Pasture management is certainly important and as a very broad generalisation what you say is true Steve. Ragwort germination rates are lower in ‘ideal’ pastures and it is less likely to become established but it will still germinate and if is growing abundantly on nearby ground that makes pasture management all the more challenging. I’ve been doing my own ‘field trials’ over the past few years and contrary to what I had read I actually find more ragwort seedlings in the dense areas of grass than in the bare patches/rabbit scrapes that I’d deliberately left to see what grows.
The majority of seedlings are unlikely to develop to become larger rosettes or even mature plants but they are still toxic and may be eaten ‘hidden’ in amongst longer grasses either fresh or wilted. May be little and often but that is the insidious nature of chronic poisoning. It’s very easy to see flowering ragwort plants, less easy to see the rosettes and even more difficult to spot the early seedlings.
FERA carried out a review of the evidence concerning ragwort impacts, ecology and control options.
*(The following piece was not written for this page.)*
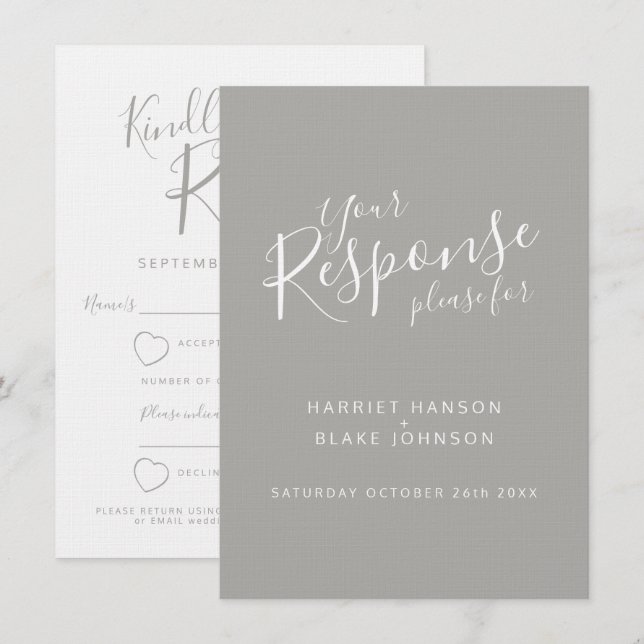 Invitation Réponse du mariage de coeur blanc gris RSVP (Devant / Derrière)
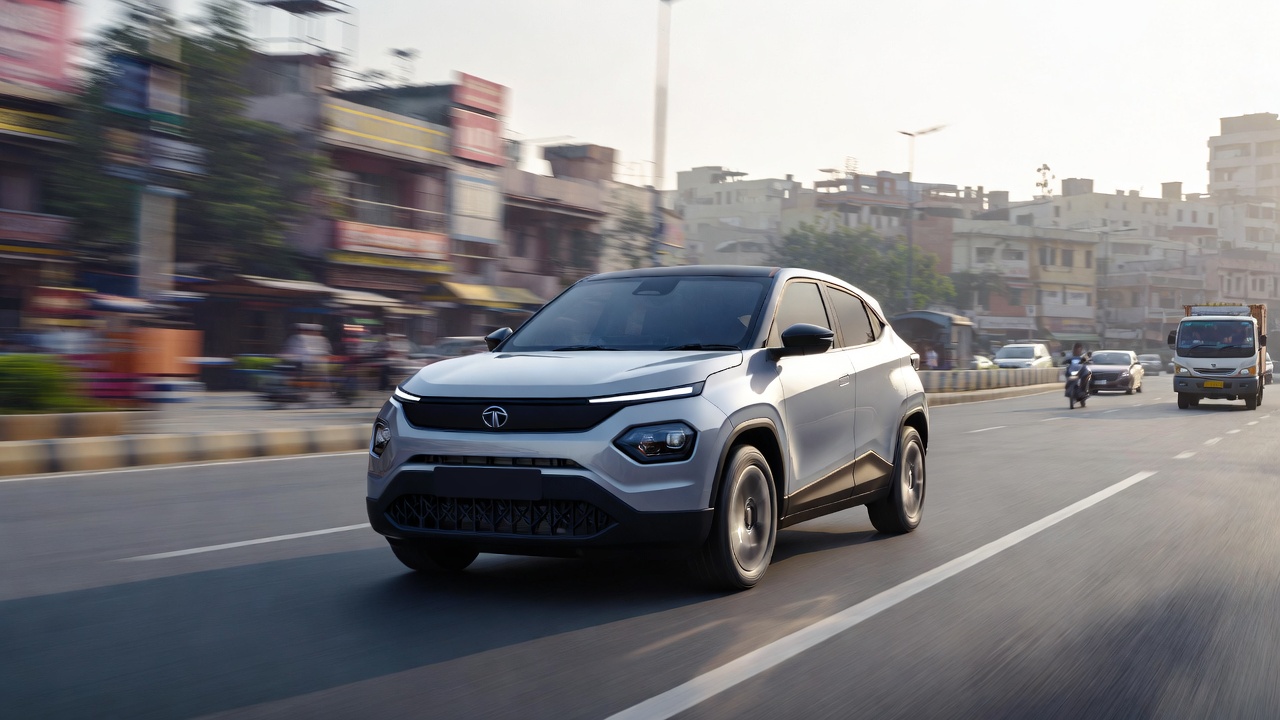 Tata Punch EV driving in city traffic showing smooth electric performance.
It is an interesting read highlighting gaps in the data which require further work. Link is here
http://www.google.co.uk/url?sa=t&rct=j&q=&esrc=s&source=web&cd=3&ved=0CCwQFjACahUKEwjc86HCwd3GAhWGWBQKHQ_PAs4&url=http%3A%2F%2Frandd.defra.gov.uk%2FDocument.aspx%3FDocument%3D12217_Reviewofevidenceconcerningragwortimpactsecologyandcontroloptions.pdf&ei=TYSmVZyZIoaxUY-ei_AM&usg=AFQjCNFACEaNBIAQMjggqQL1fIXsqyZksA&bvm=bv.97653015,d.ZGU
It is worth reading the whole document but (at the risk of being accused of quote mining!) if I can point you to page 42 it says “It has been shown experimentally under greenhouse conditions that 35 days post sowing, 30.8% of seeds will germinate on bare ground as opposed to 14.4% on short pasture and 15.2% on long pasture (Phung and Popay, 1981).” OK so it’s greenhouse/ideal conditions but germination is only reduced by half on long pasture compared to bare ground which in the scheme of things is still a lot of seedlings when you consider that, as a very conservative figure, a single ragwort plant can produce 50000 seeds. If only 1% germinated that’s still a fair number.